From the line below that contains "Aura FORCE LARGE" to the line that contains "Porcelán teáskanna fenyőfával 900ml", repeat every line exactly, both ends included, and nothing else.

● **RECORDS FOR THIS TASK**
*** Block opens ***
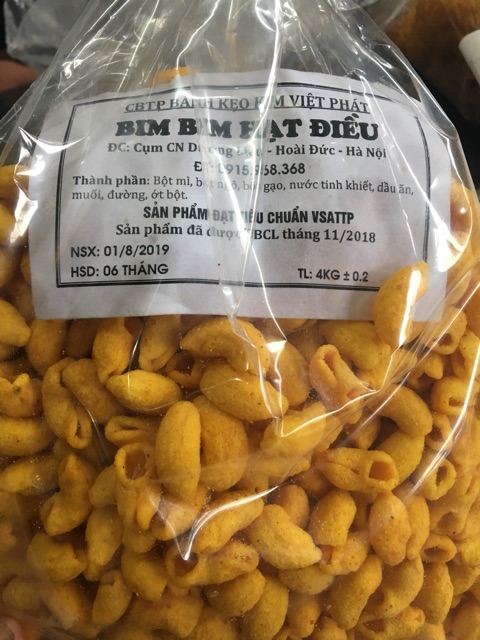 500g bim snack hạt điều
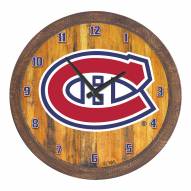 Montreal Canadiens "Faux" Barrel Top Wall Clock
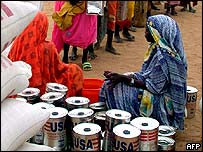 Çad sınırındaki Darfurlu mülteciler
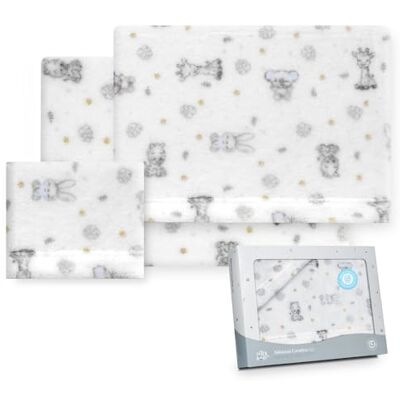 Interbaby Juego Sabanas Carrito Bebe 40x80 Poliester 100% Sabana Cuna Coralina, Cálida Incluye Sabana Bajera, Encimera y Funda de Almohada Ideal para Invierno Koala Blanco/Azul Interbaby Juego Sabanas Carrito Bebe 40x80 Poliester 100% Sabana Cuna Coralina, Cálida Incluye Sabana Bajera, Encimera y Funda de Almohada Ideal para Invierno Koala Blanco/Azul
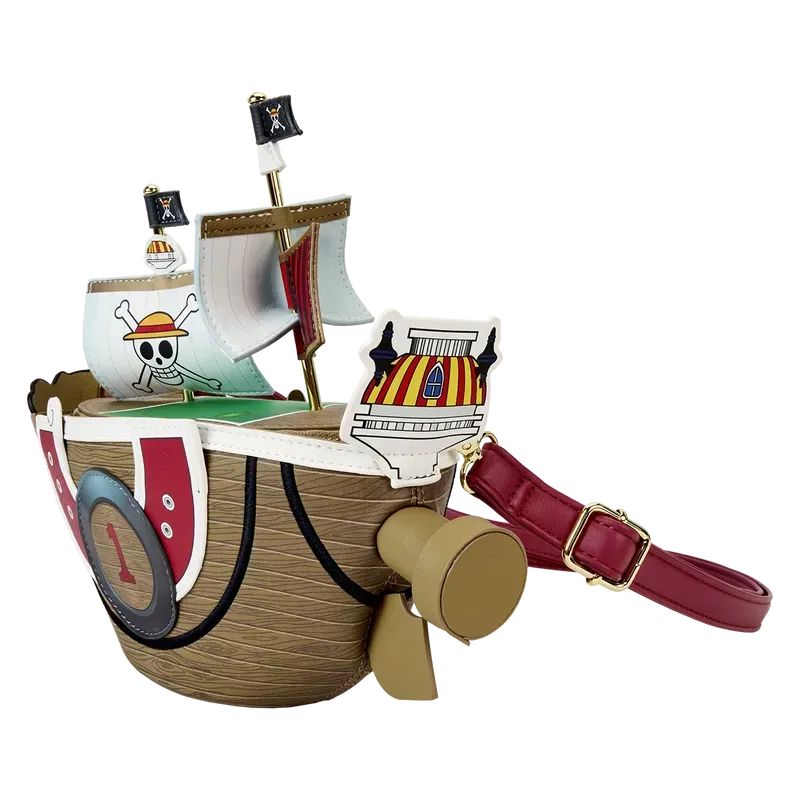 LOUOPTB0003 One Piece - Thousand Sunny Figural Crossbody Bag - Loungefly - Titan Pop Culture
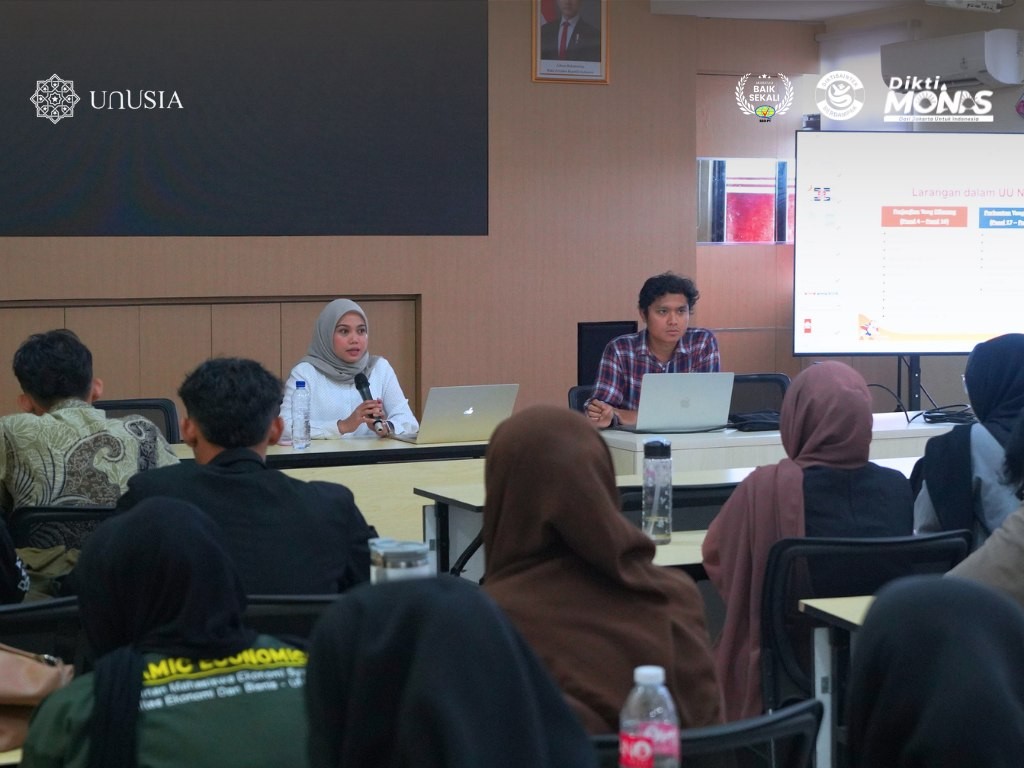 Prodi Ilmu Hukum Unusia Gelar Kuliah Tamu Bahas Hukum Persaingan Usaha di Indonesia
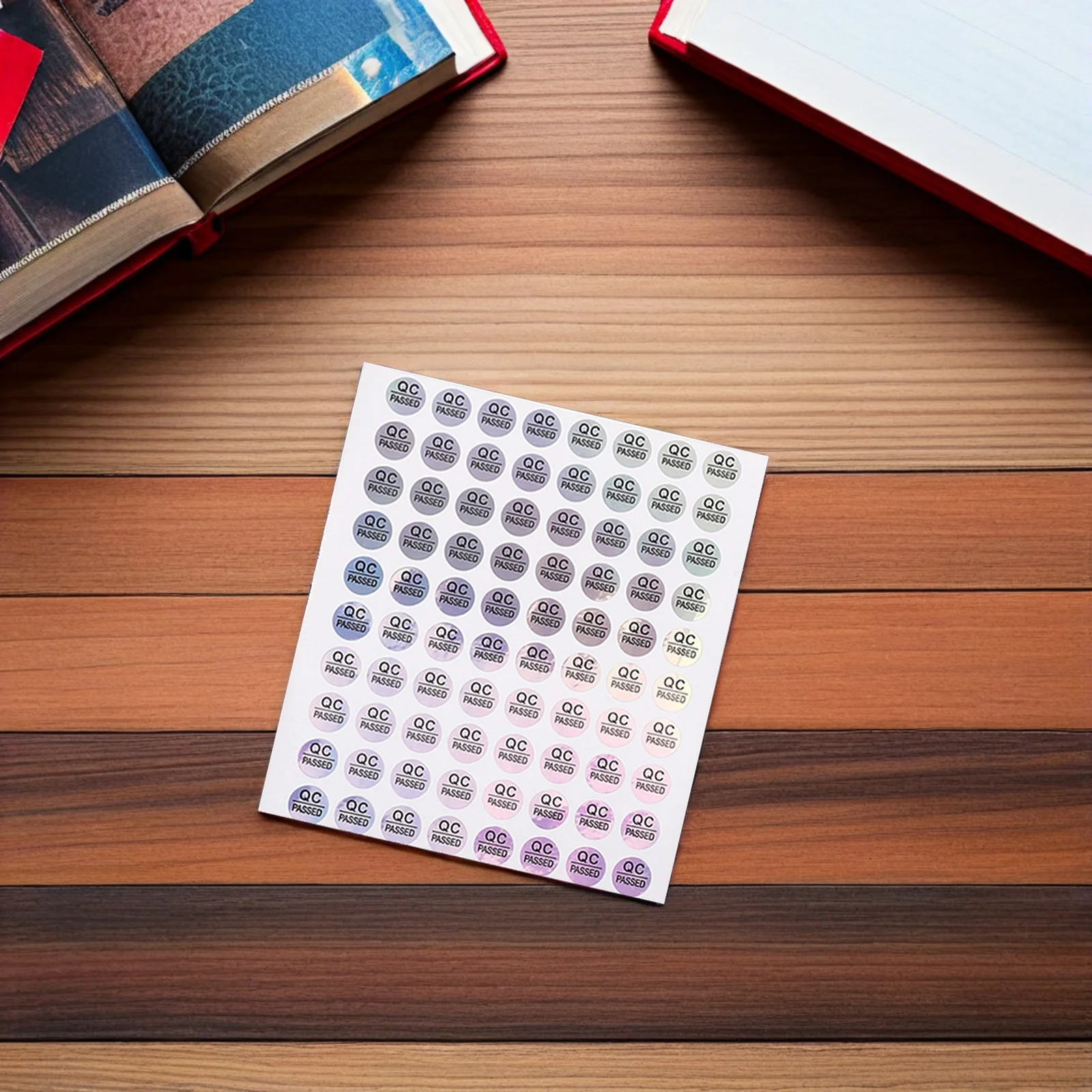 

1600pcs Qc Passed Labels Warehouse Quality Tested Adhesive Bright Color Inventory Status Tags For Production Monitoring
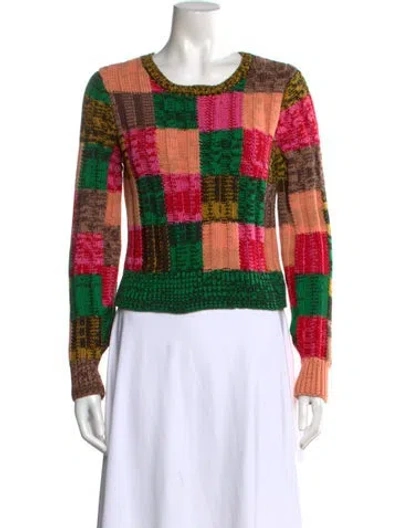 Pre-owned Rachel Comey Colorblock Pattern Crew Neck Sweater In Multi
*** Block closes ***
*** Block opens ***
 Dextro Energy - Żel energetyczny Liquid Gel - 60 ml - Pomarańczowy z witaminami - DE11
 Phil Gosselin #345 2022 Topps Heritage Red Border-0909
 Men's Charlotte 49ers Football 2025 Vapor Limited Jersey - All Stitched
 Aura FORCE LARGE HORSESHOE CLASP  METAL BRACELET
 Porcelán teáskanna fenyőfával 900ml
*** Block closes ***
*** Block opens ***
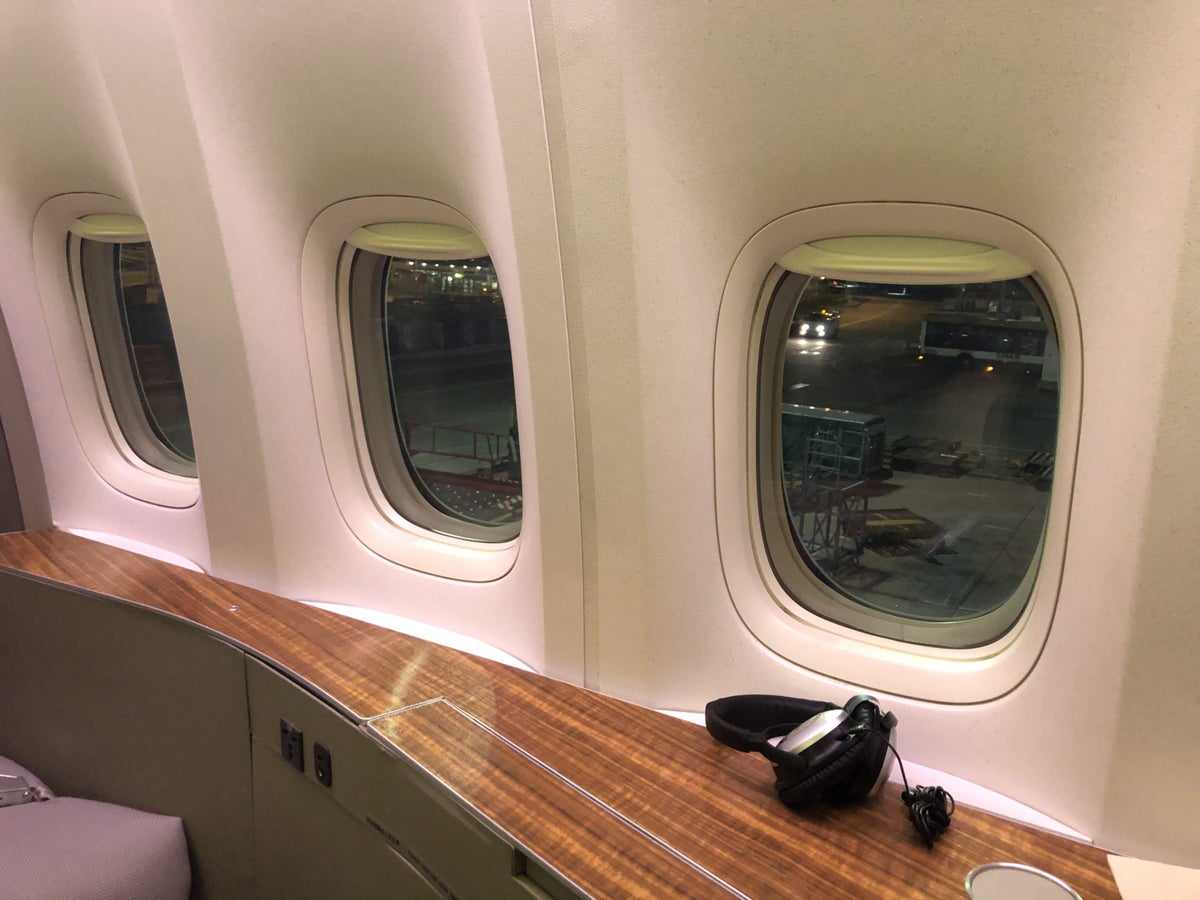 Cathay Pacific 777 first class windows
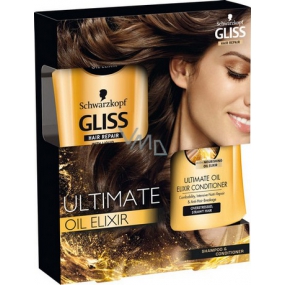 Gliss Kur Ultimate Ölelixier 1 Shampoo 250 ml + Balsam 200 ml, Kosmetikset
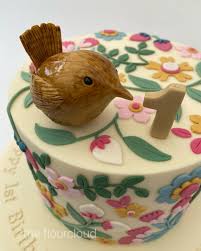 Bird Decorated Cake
*** Block closes ***
● **EXERCISE SOLUTION**
 Aura FORCE LARGE HORSESHOE CLASP  METAL BRACELET
 Porcelán teáskanna fenyőfával 900ml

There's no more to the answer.